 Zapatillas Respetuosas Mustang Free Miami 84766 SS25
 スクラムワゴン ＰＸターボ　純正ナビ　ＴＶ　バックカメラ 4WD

**********

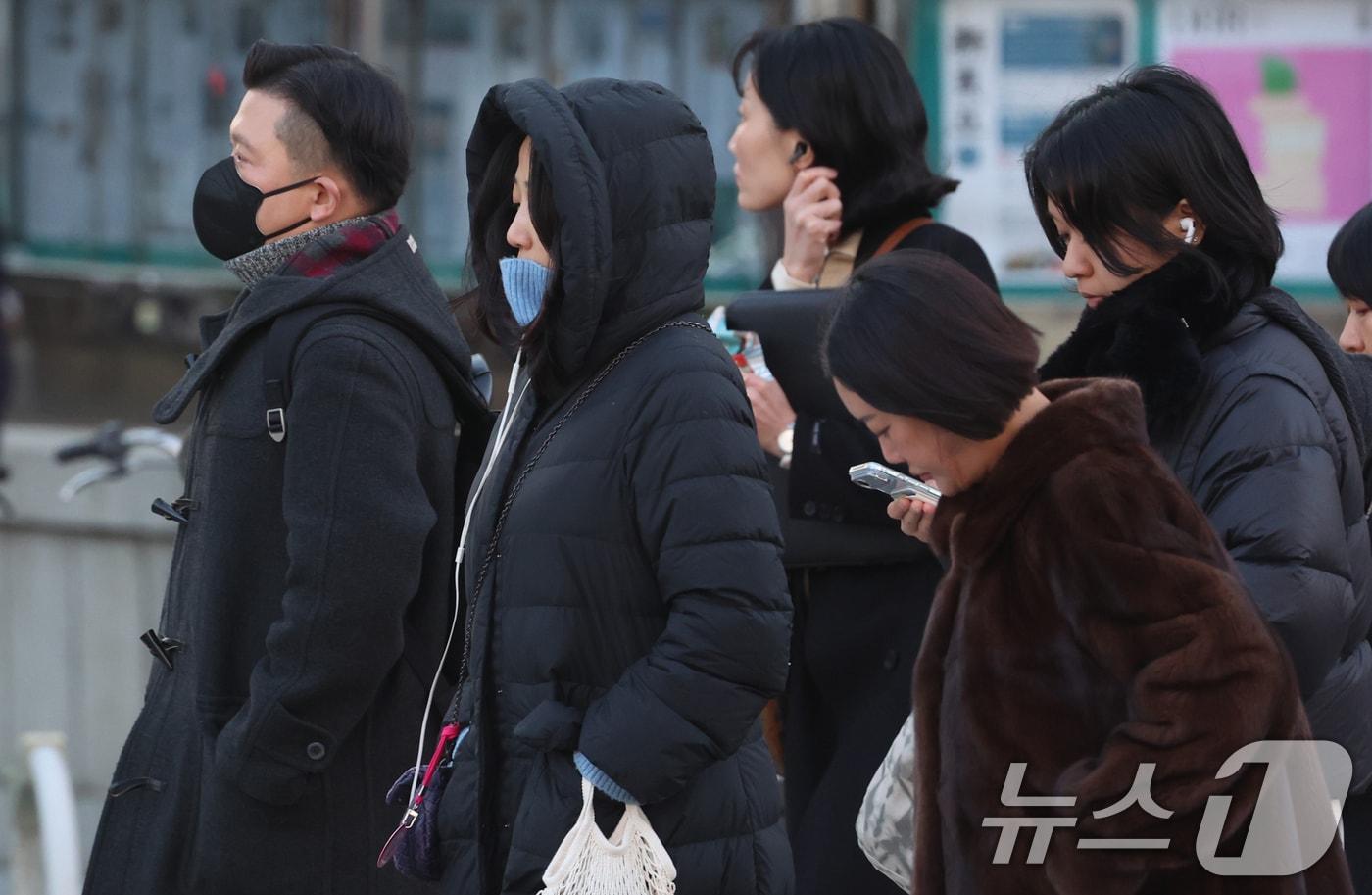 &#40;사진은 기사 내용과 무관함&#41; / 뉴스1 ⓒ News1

**********

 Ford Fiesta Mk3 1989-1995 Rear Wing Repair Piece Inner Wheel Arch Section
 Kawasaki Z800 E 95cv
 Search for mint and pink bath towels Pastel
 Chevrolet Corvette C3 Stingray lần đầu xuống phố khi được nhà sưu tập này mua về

**********

Task item => What is asked for is an exact copy of the lines above from the one containing "Kawasaki Z800 E 95cv" through the one containing "Chevrolet Corvette C3", and only those.

Result =>
 Kawasaki Z800 E 95cv
 Search for mint and pink bath towels Pastel
 Chevrolet Corvette C3 Stingray lần đầu xuống phố khi được nhà sưu tập này mua về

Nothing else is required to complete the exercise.